The topline of the company has shown a growth of 25% on a yoy basis at Rs. 3.57 bn against Rs. 2.85 bn, backed by a 34% growth in the leisure business and 6% growth in the Education business.
EBITDA margins of the company excluding forex improved from 8% to 13.4%.This was on account of lower loss in the camping business which decreased from Rs. 360 mn to Rs. 260 mn. EBITDA showed a growth of 111% excluding forex gains from Rs. 230 mn to Rs. 480 mn. Forex gains stood at Rs. 530 mn against Rs. 583 mn on a yoyo basis.

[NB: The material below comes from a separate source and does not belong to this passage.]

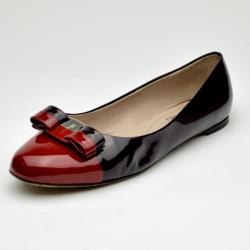 Pre Owned Salvatore Ferragamo Varina Two Tone Patent Leather Ballerina Flats Size 40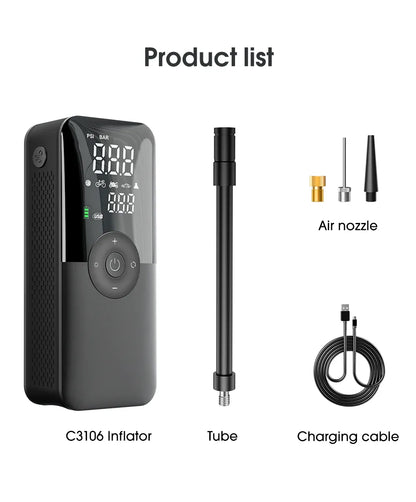 CARSUN Cordless Tire Inflator – Digital Rechargeable Air Compressor | Wahooly CARSUN Cordless Tire Inflator – Digital Rechargeable Air Compressor for Cars, Bikes & More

Depreciation increased from Rs. 232.9 mn to Rs. 277.1 mn. Finance cost increased from Rs. 683.3 mn to Rs. 851.2 mn. However the company has repaid debt of Rs. 6.5 bn during the quarter the benefits (around Rs. 150 - 200 mn per quarter) of which will accrue completely from Q4FY13. The company had an extraordinary loss of Rs. 156.7 mn on account of redundancy costs in Camping business in UK, Denmark and Netherlands.
The company posted a profit before tax of Rs. 21.9 mn against a loss of 42.2 mn on a yoyo basis. Share of profit from Meininger increased from Rs. 46.5 mn to Rs. 103.8 mn. Profit after tax and Minority Interest stood at Rs. 33.4 mn against a loss of 75.7 mn. EPS for the period stood at Rs. 0.2.

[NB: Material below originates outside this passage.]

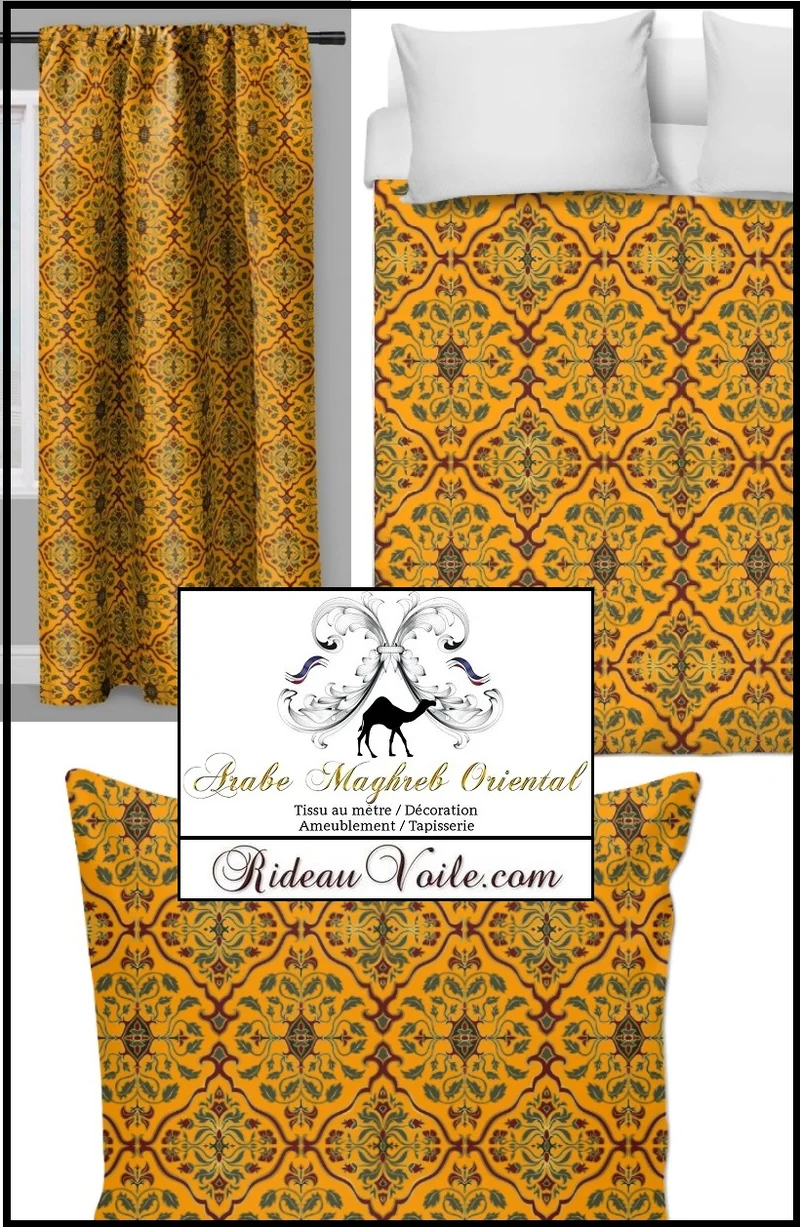 Tissu ameublement ignifugé mètre tapisserie motif oriental Arabe marocains rideau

During the quarter the company sold a minority stake in Prometheon Holding Ltd to CVCI private equity fund for $ 137 mn. The proceeds from the sale were used to repay the company's acquisition debt.
We expect the company's leisure business to post a strong growth going forward backed by the performance of its India leisure business. Education and Camping business of the company is also expected to post growth of around 8 - 10%.
We expect the company to post a topline of Rs. 18.7 bn for FY13 and an EPS of Rs. 20.5. The company trades at 6.3 x its current year earnings. We recommend a BUY with a long term perspective.